++++ DATA FOR THIS TASK ++++

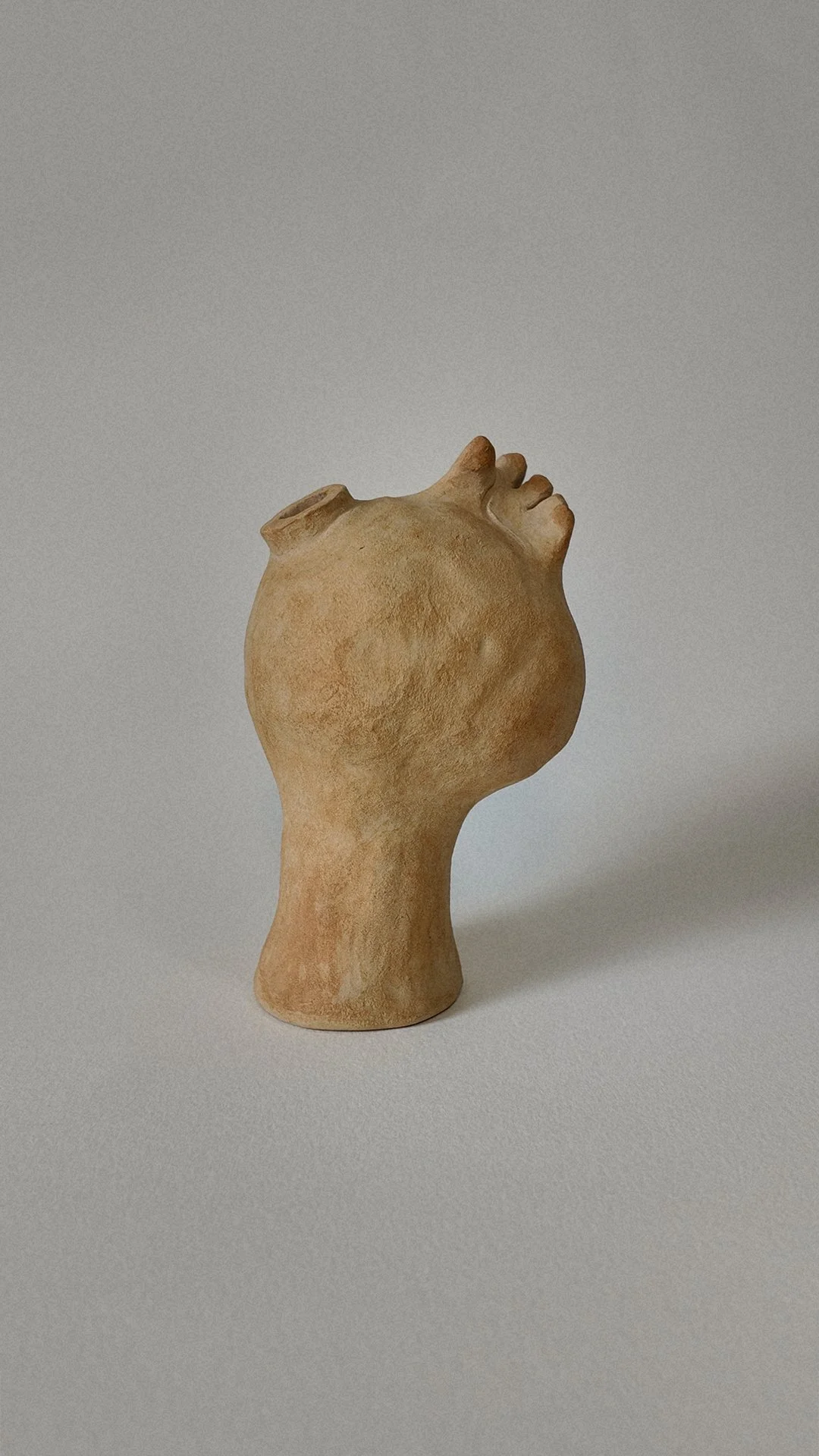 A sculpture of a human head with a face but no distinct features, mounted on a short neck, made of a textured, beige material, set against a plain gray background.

++++
++++ DATA FOR THIS TASK ++++

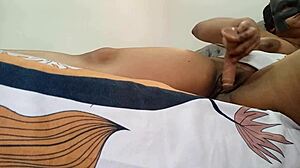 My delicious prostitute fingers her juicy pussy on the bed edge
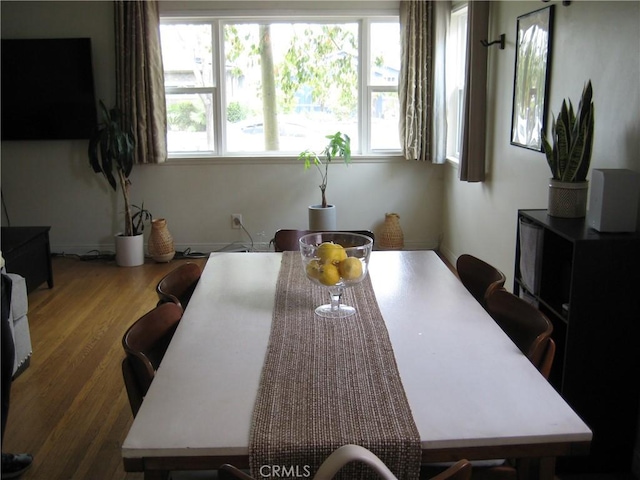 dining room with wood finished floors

++++

— WHAT THE TASK REQUIRES —
What you return must match the lines above from the one with "My delicious prostitute" through the one with "dining room with wood finished floors" exactly, with both ends included and the pictures excluded.

— REPLY TO THE EXERCISE —
 My delicious prostitute fingers her juicy pussy on the bed edge
 dining room with wood finished floors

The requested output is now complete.